Third Culture Kids & Safe Places – Building Home

by | Jul 3, 2018 | Blog | 12 comments

Last week I wrote about Territory and Third Culture Kids. I wrote about how, while TCKs tend to avoid territorialism, I wonder if there isn’t something to be gained by learning how to do territory – how to build safe spaces. I suggested there are three kinds of safe spaces we can build: a physical safe space, a safe community and a safe self. Today I want to further explore how we can build a safe physical space, aka HOME.

Home is a word that can be both beckoning and threatening, and offers both hope and grief. The experience of feeling “at home” is not necessarily a familiar one for many TCKs. After all, many of us lost not one but multiple homes as children, and the promise of impending loss may have impeded our ability to attach ourselves to place, to feel truly “at home”. Even as adults, many of us resist decorating our intimate spaces, citing anti-materialism or minimalist tendencies to mask our underlying belief that we won’t be staying long, so why bother making ourselves “at home”.
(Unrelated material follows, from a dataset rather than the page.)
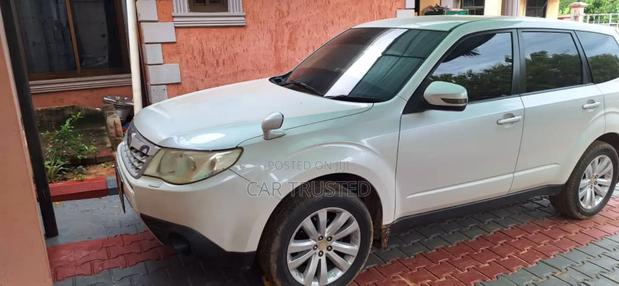 Subaru Forester 2.0 Sports 2008 White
Others of us feel completely intimidated by the prospect of building home, finding that the process demands a certain externalisation of our identities – décor acts as an extension of the self, of one’s identity. And that’s fine, except that it’s made a lot harder when our identity is a challenge to express to ourselves, let alone in the language of colour, lighting and scatter cushions!

And yet.

A safe place is one where we are known. A safe place is one where we have investment and a voice. A safe place is one where we know how things work. A safe place nourishes us. A safe place reminds us of who we are. A safe place allows growth as well as protection.
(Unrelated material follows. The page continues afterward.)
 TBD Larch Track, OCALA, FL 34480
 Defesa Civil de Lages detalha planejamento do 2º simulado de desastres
Who doesn’t want this? How can we build a Home that feels like a safe place, especially when we live in the very real knowledge that this might not be our “forever home”, or we struggle with externalising an internally felt identity? It feels like a pretty big job… so let’s break this down.

How can you make Home a safe space today?

Identify a corner of your home that you feel calm and peaceful in. Maybe there isn’t one, so create one. It doesn’t need to be big, just a little niche that you can come to when “out there” feels overwhelming.

Now, can you gather together 5-7 objects that reflect chapters in your story? Perhaps they are ornaments or items from other homes, other places that are dear to you. Perhaps you can add candles or incense whose scent feel cosy or reminiscent of other times and places. Add pictures or images (print them off to make them ‘physical’ that remind you who you are, and where you have come from. Maybe you are a quotes person – add words that ground and inspire you.

Arrange these in a way that pleases your eye. If you don’t feel able to leave them out when you aren’t in your space, find a basket that can keep them safe until you can get them out again.

Now, you know how comfort food works… when you are feeling little or vulnerable or overwhelmed, we reach for the food. Now reach for this space in those moments. Or build them into your daily routine, beginning the morning there, with a journal or some music. Or retreat to them for rest, reflection. Drink your favourite drink there, slowly just being at home.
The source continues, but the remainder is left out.